I get featureVectors of shape 2x1x7680, which can be reshaped to 2x6x1280. I believe this is the output shape you’re expecting.

I'm not entirely sure yet why this change works differently from the previous implementation, but I’ll look into it further. Could you please try this on your end and see if it resolves the issue?

pavelgrigoriev commented 2 weeks ago

I tried make like this

        nvinfer1::Dims4 inputDims = {batchSize, dims.d[0], dims.d[1], dims.d[2]};
        m_context->setInputShape(m_IOTensorNames[i].c_str(),
                                 inputDims); // Define the batch size
        int inputIndex = m_engine->getBindingIndex(m_IOTensorNames[i].c_str());

        if (!m_engine->bindingIsInput(inputIndex)) {
            std::cout << "Binding {} is not an input!", inputIndex;
            return false;
        }

        // Set the binding dimensions for the input
        if (!m_context->setBindingDimensions(inputIndex, inputDims)) {
            std::cout << "Failed to set binding dimensions for input {}", inputIndex;
            return false;
        }

or

        nvinfer1::Dims4 inputDims = {batchSize, dims.d[0], dims.d[1], dims.d[2]};
        int inputIndex = m_engine->getBindingIndex(m_IOTensorNames[i].c_str());

        if (!m_engine->bindingIsInput(inputIndex)) {
            std::cout << "Binding {} is not an input!", inputIndex;
            return false;
        }

        // Set the binding dimensions for the input
        if (!m_context->setBindingDimensions(inputIndex, inputDims)) {
            std::cout << "Failed to set binding dimensions for input {}", inputIndex;
            return false;
        }
        m_context->setInputShape(m_IOTensorNames[i].c_str(),
                                 inputDims); // Define the batch size

but no effect for me

thomaskleiven commented 2 weeks ago

The code on the i-80 branch includes these changes, resulting in the following output:

./build/run_inference_benchmark --onnx_model ./models/model.onnx 
[2024-08-26 11:39:34.462] [warning] LOG_LEVEL environment variable not set.

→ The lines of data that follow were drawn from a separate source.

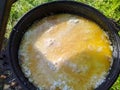 pilaf in a cauldron on an open fire in the daytime in summer. Royalty Free Stock Photo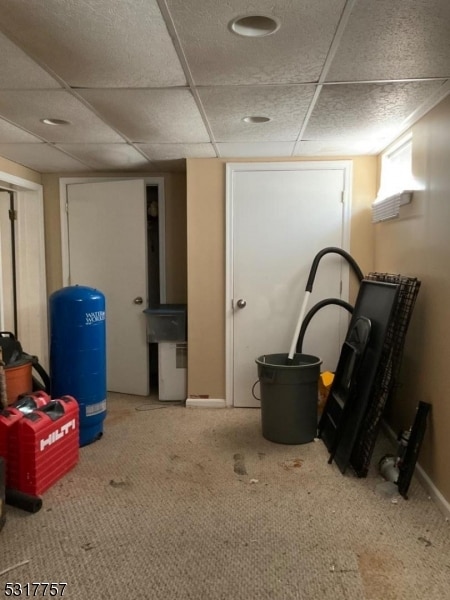 basement featuring a drop ceiling and carpet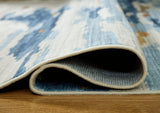 Medium washable rug from Ashley Furniture with a soft, patterned design featuring neutral tones for versatile home decor.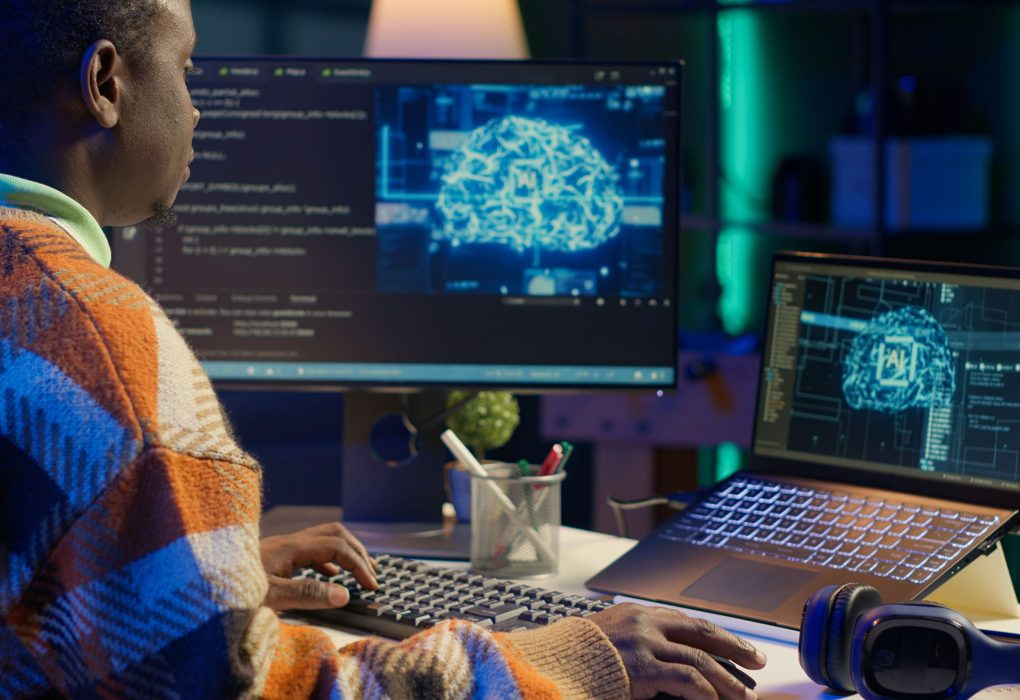 Black man working on laptop with AI tools
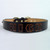 Custom dog collar made of solid leather and imprinted name shown in undyed lettering.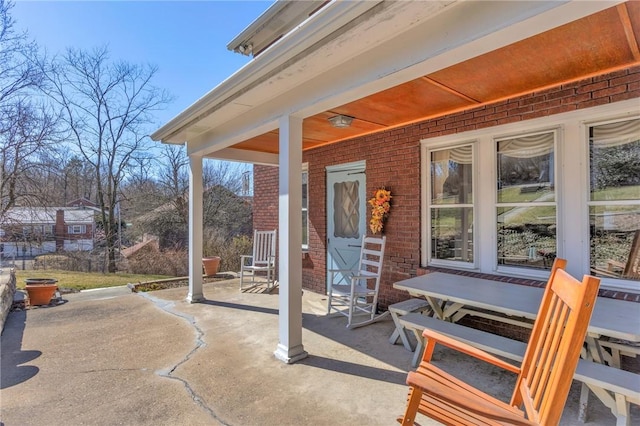 view of patio featuring a porch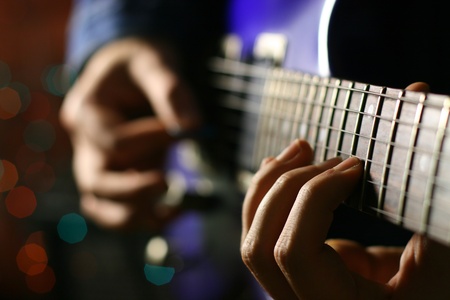 man play solo on blue guitar
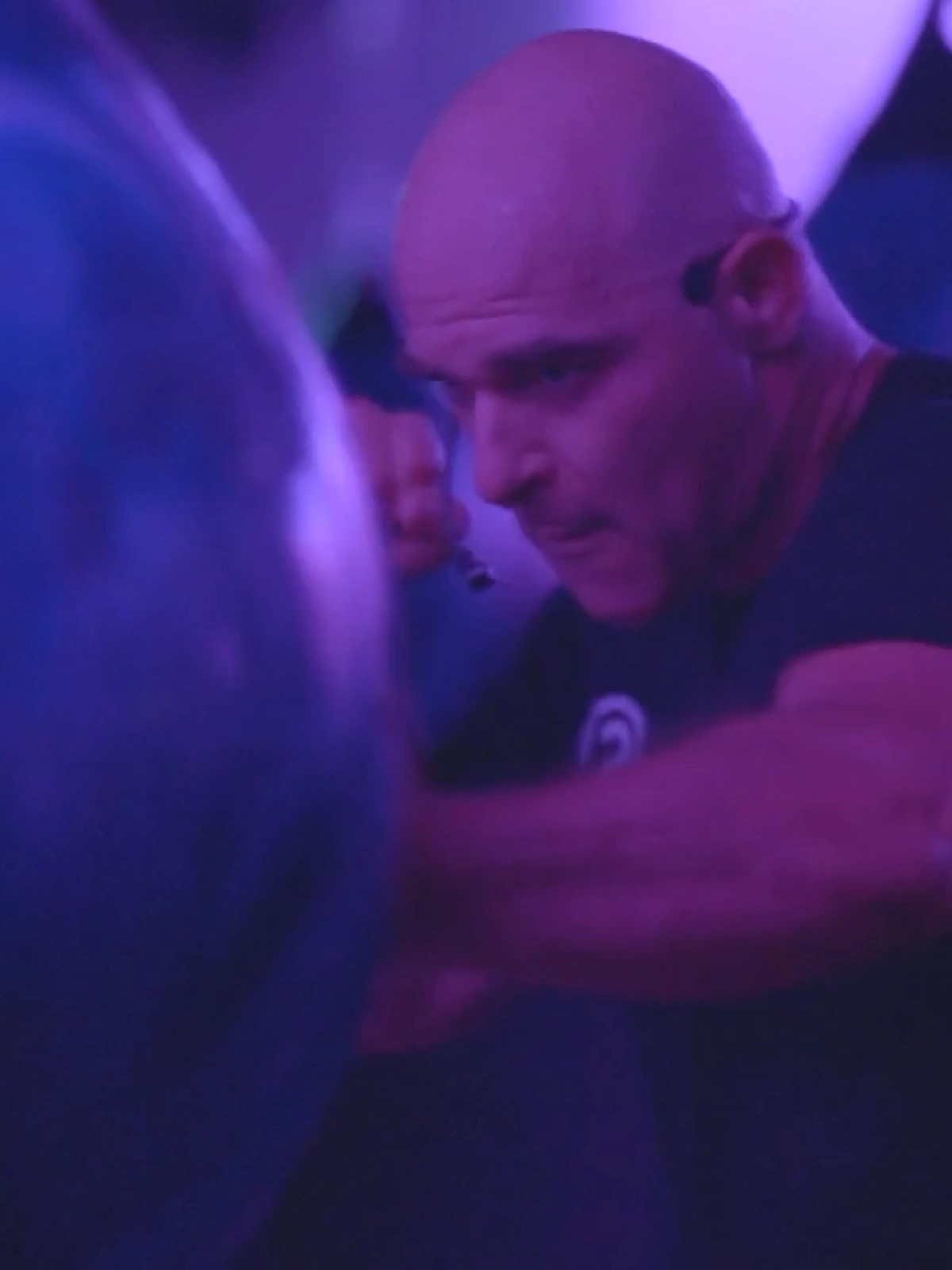 A Studio Spin member striking an AquaBag during RUMBLE.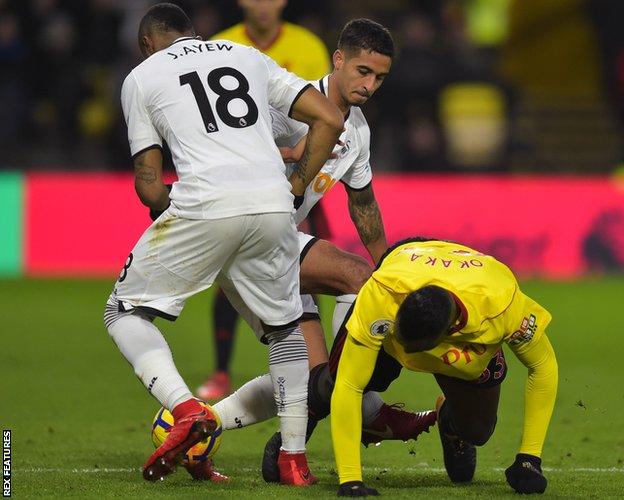 Kyle Naughton appears to stamp on the leg of Watford's Stefano Okaka
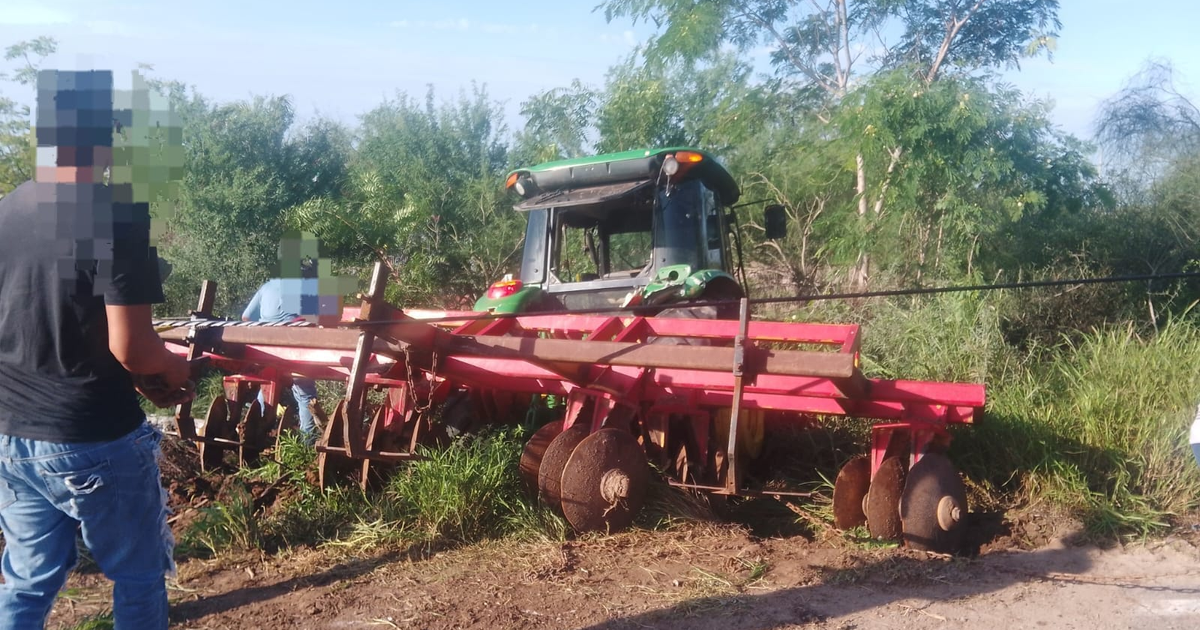Tractor agrícola con arado en un campo rural, operado por una persona, rodeado de vegetación y trabajadores.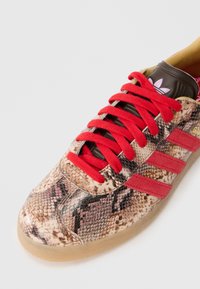 Sneakers con un motivo in similpelle di serpente beige e nero, dotati di lacci rossi e tre strisce rosse, con suola in gomma.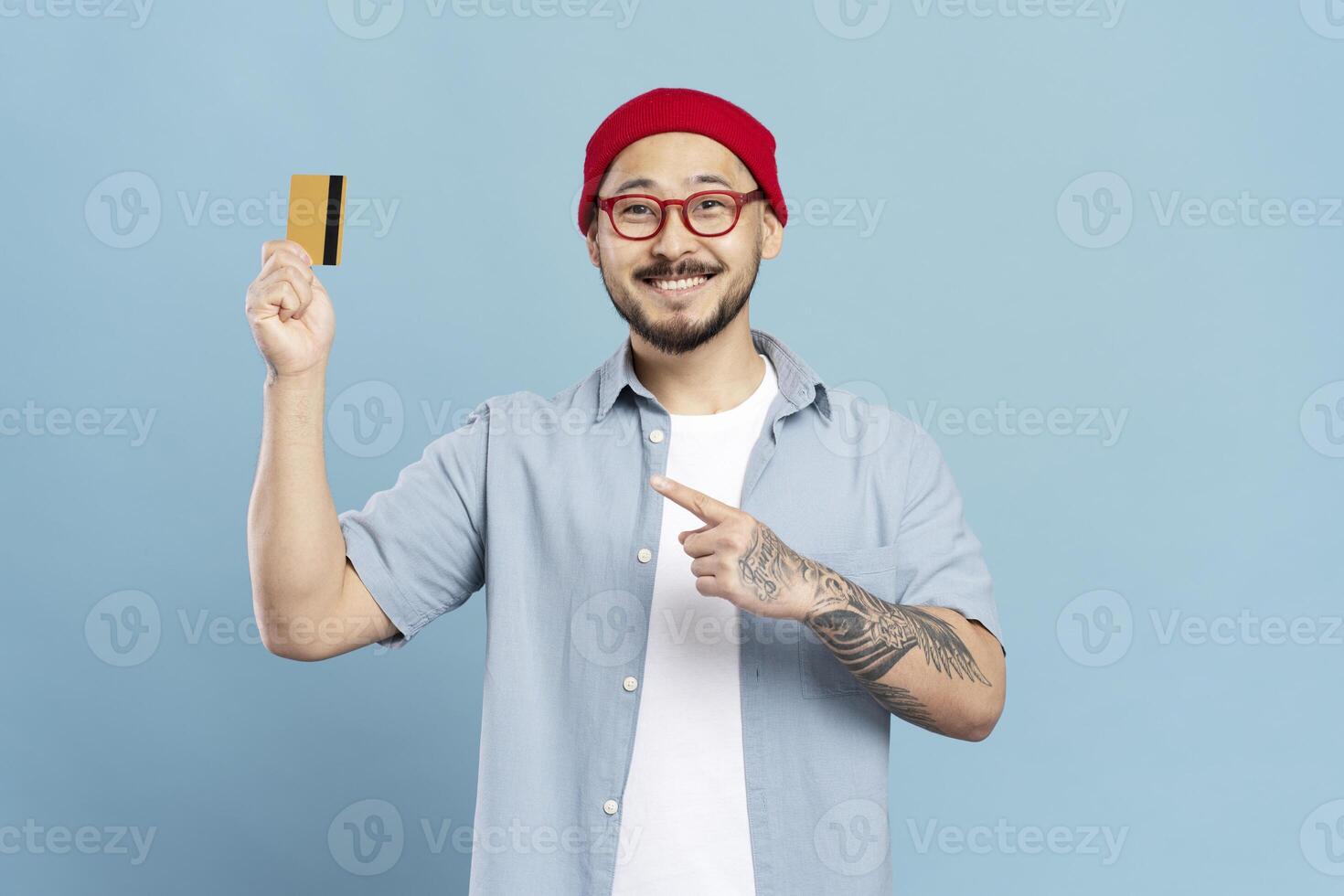 Smiling man showing credit card and pointing at it on blue background photo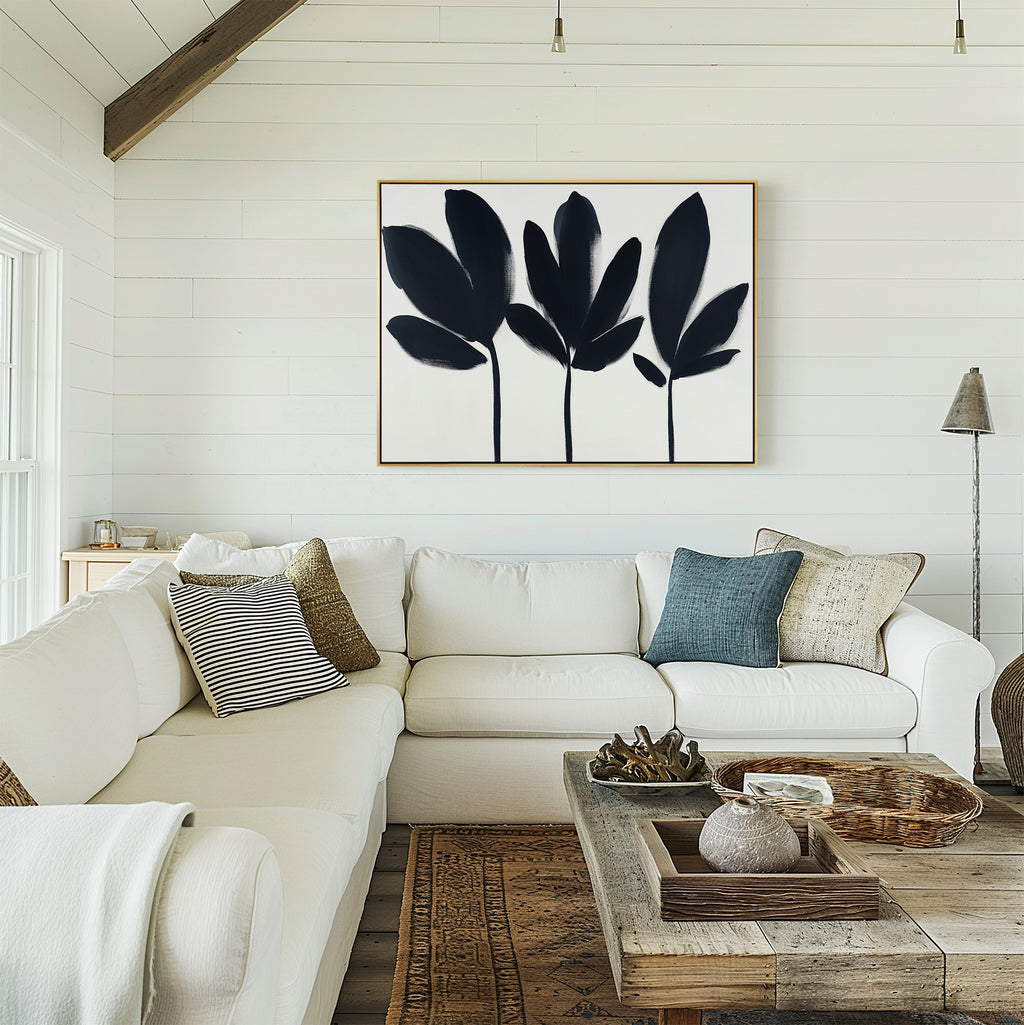 A cozy living room with a white sectional, assorted pillows, a wood coffee table with décor, and the Shadow Stems Canvas Art - Horizontal on a white shiplap wall—an ideal modern accent.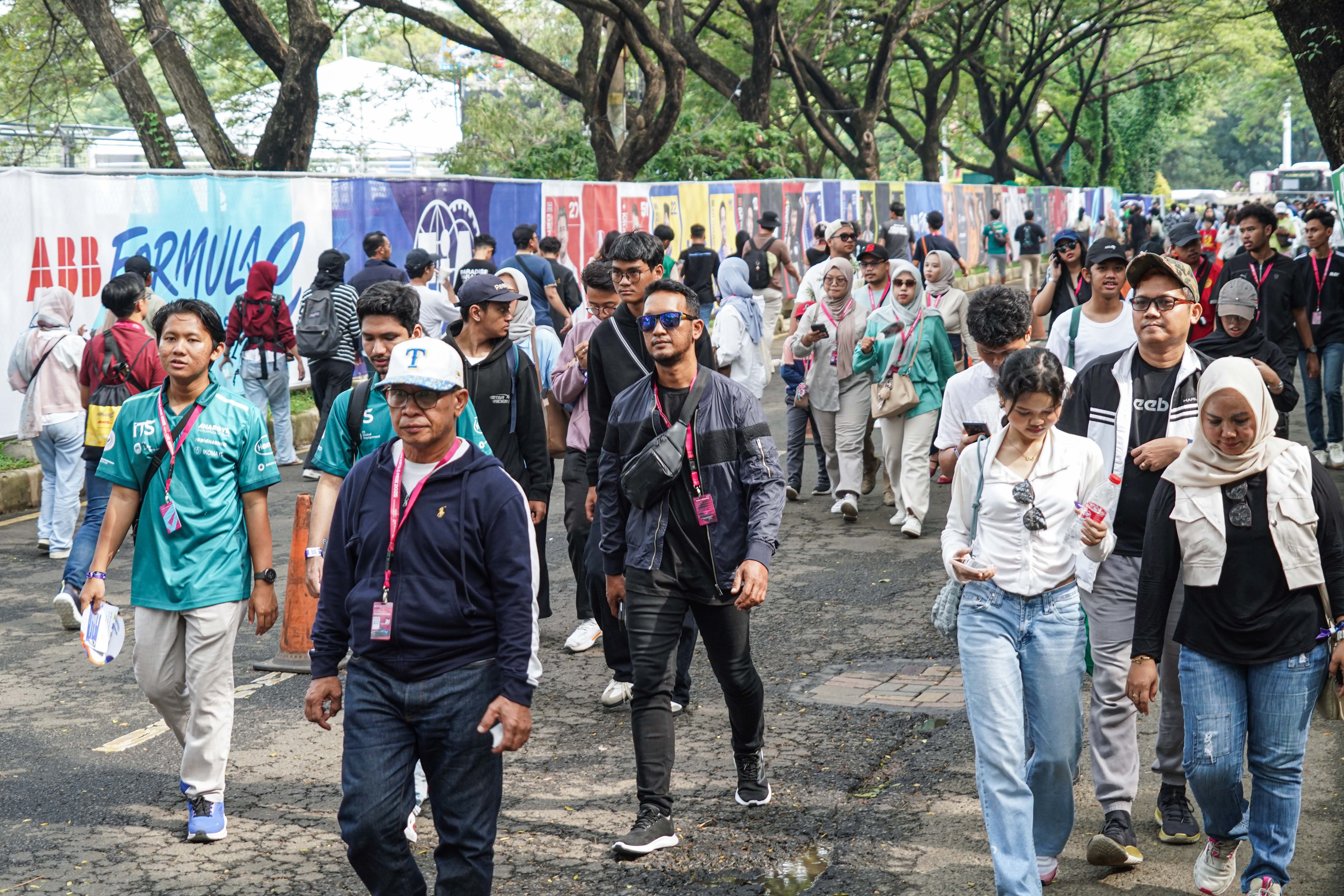 Penonton berjalan menuju tribun saat akan menyaksikan balapan Formula E World Championship 2025 seri ke-12 di Jakarta International E-Prix Circuit (JIEC), Sabtu (21/6/2025). Ajang balap mobil listrik yang digelar di lintasan sepanjang 2,37 kilometer ini diikuti oleh 22 pembalap dari 11 tim.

Using default log level (info).
[2024-08-26 11:39:34.478] [info] Engine name: model.engine.Orin.fp16.2.2
[2024-08-26 11:39:34.478] [info] Searching for engine file with name: ./model.engine.Orin.fp16.2.2
[2024-08-26 11:39:34.478] [info] Engine found, not regenerating...
[2024-08-26 11:39:34.478] [info] Loading TensorRT engine file at path: ./model.engine.Orin.fp16.2.2
[2024-08-26 11:39:34.556] [info] Loaded engine size: 11 MiB
[2024-08-26 11:39:34.583] [info] [MemUsageChange] TensorRT-managed allocation in engine deserialization: CPU +0, GPU +10, now: CPU 0, GPU 10 (MiB)
[2024-08-26 11:39:34.584] [info] [MemUsageChange] TensorRT-managed allocation in IExecutionContext creation: CPU +0, GPU +3, now: CPU 0, GPU 13 (MiB)
[2024-08-26 11:39:34.594] [info] Attempting to reshape the matrix to have 40 channels, 1 height, and 1280 width
[2024-08-26 11:39:34.594] [info] Reshaped desired matrix to have 40 channels, 1 height, and 1280 width
[2024-08-26 11:39:34.594] [info] Warming up the network...
[2024-08-26 11:39:34.870] [info] Feature vectors shape: 2x1x7680
[2024-08-26 11:39:34.870] [info] Running benchmarks (1000 iterations)...
[2024-08-26 11:39:36.693] [info] Benchmarking complete!
[2024-08-26 11:39:36.693] [info] ======================
[2024-08-26 11:39:36.693] [info] Avg time per sample: 
[2024-08-26 11:39:36.693] [info] Avg time per sample: 0.9115 ms
[2024-08-26 11:39:36.693] [info] Batch size: 2
[2024-08-26 11:39:36.693] [info] ======================

[2024-08-26 11:39:36.693] [info] Batch 0, output 0
[2024-08-26 11:39:36.693] [info] 4.476562 4.285156 4.230469 4.371094 4.699219 4.828125 4.921875 4.167969 4.406250 4.726562 ...
[2024-08-26 11:39:36.693] [info] Batch 1, output 0
[2024-08-26 11:39:36.693] [info] 4.476562 4.285156 4.230469 4.371094 4.699219 4.828125 4.921875 4.167969 4.406250 4.726562 ...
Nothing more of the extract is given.